The Faraizi's adhered to the Hanafi school with certain differences in practices.

The leader of the Faraizis was called Ustad or teacher and his disciples xagird or students instead of using the terms like pir and murid. A person so initiated into the Faraizi fold was called Tawbar Muslim or Mumin.

The Faraizi movement was widely received in the districts of Dhaka, Faridpur, Barisal, Mymensingh and Comilla.

Some Muslims, on the other hand, particularly the landlords of Dhaka, hence, reacted sharply against him and this caused a riot in Nayabari, Dhaka District. Due to the reaction of these landlords and Hindu landlords and European indigo planters, this movement swelled into a socio-economic issue.

The landlords levied numerous abwabs (plural form of the Arabic term bab, signifying a door, a section, a chapter, a title). During Mughal India, all temporary and conditional taxes and impositions levied by the government over and above regular taxes were referred to as abwabs. More explicitly, abwab stood for all irregular impositions on Raiyats above the established assessment of land in the Pargana) over and above normal rent and such abwabs were horribly dishonest in the eye of law. Several abwabs were of religious nature. Haji Shariatullah then intervened to object to such a practice and commanded his disciples not to pay these dishonest cesses to the landlords. The landlords had even inflicted a ban on the slaughter of cow, especially on the occasion of Eid. The Faraizis ordained their peasant followers not to obey such a ban. All these heated instances added up to tensed and stressed relationships amongst the Faraizis and the landlords, who were all Hindus.

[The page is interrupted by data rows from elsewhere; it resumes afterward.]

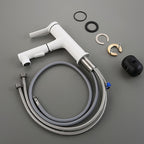 Contemporary Single Handle Faucet Retractable Sink Faucet with Lever Handle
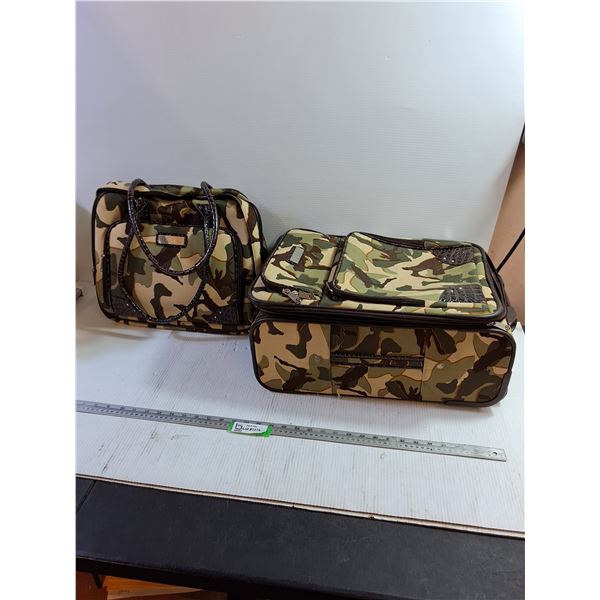 Nicole Hiller Suitcase & Handbag, Pickup Preferred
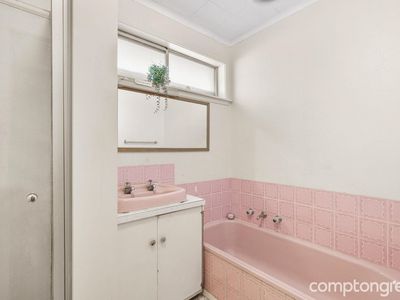 9 Hibiscus Crescent, Newcomb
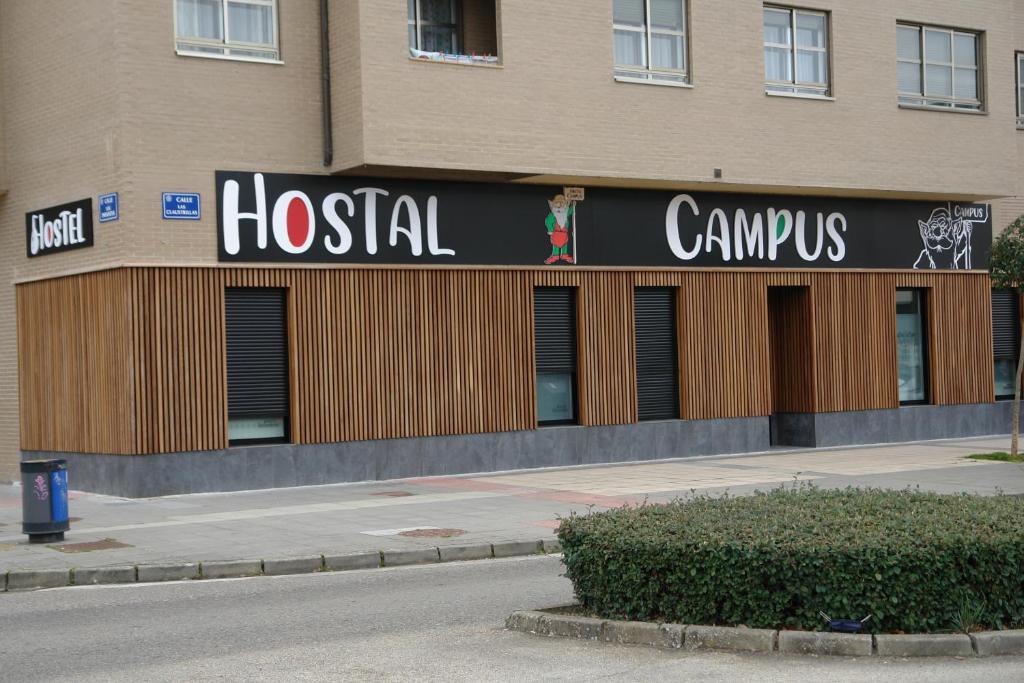 een ziekenhuisgebouw met een bord dat de campus van het ziekenhuis leest bij Hostal Campus in Burgos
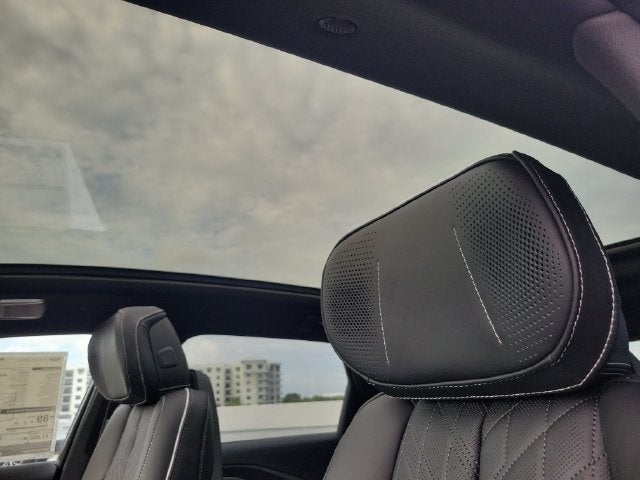 2027 Cadillac LYRIQ Signature Sport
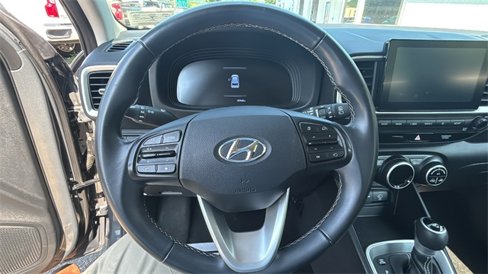 Used 2024 Hyundai Venue SEL image 14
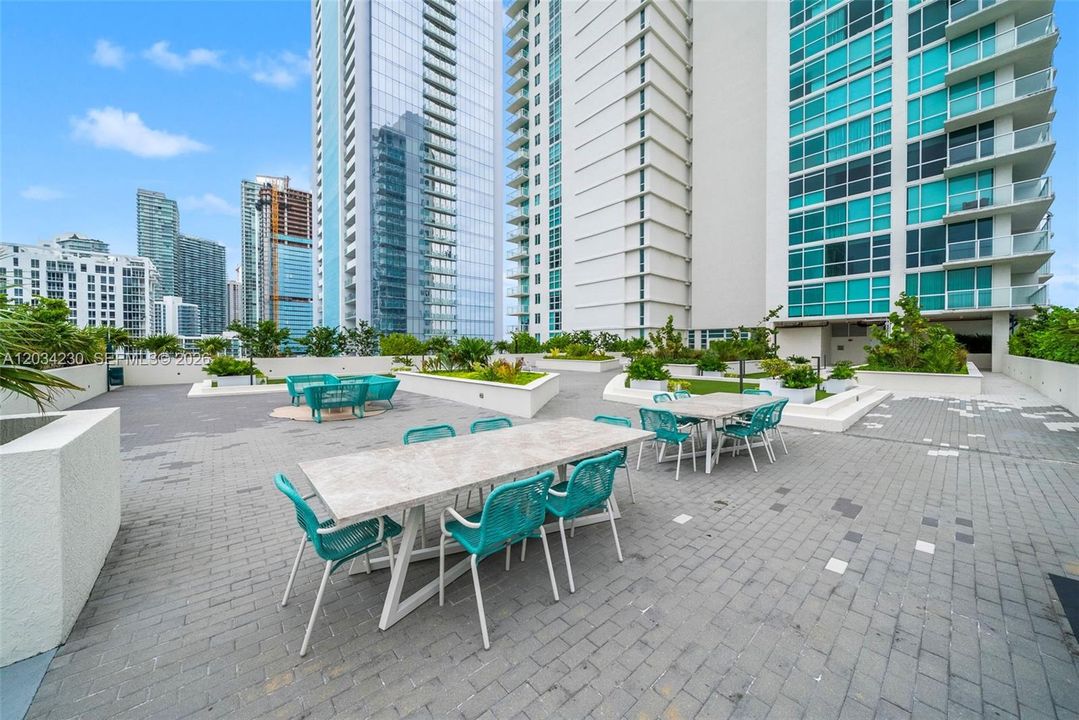 En Venta: $799,000 (2 camas, 2 baños, 1331 Pies cuadrados)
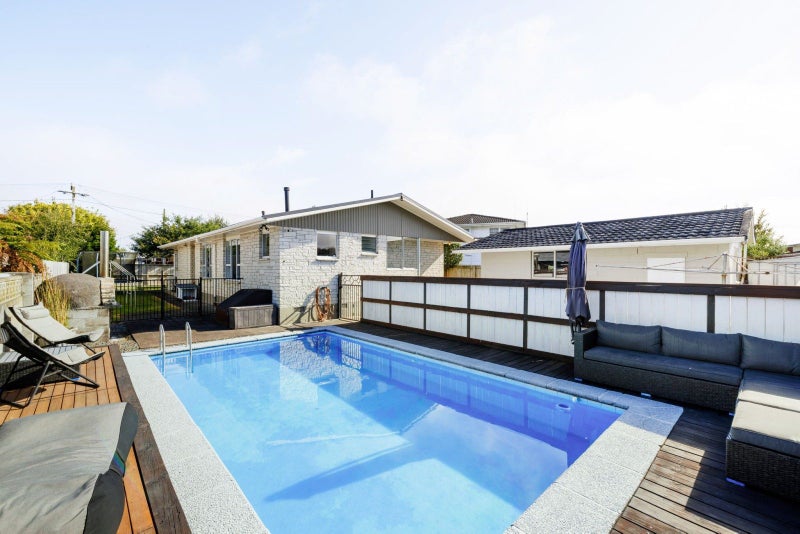 3 Norma Place, Riverlea, Hamilton - Carousel 1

Gradually gathering up incidents under the Islamic-led Faraizi movement could be witnessed in various parts of Bengal, with overwhelming English-Bengali agreement for perhaps the very first time. The outraged landlords built up a propaganda campaign with the British officials, incriminating the Faraizis with mutinous mood. In 1837, these Hindu landlords indicted Haji Shariatullah of attempting to build up kingdom of his own. They also brought several lawsuits against the Faraizis, in which they benefitted dynamic co-operation of the European indigo planters. Shariatullah was placed under the detention of the police in more than one instance, for purportedly inciting agrarian turbulences in Faridpur.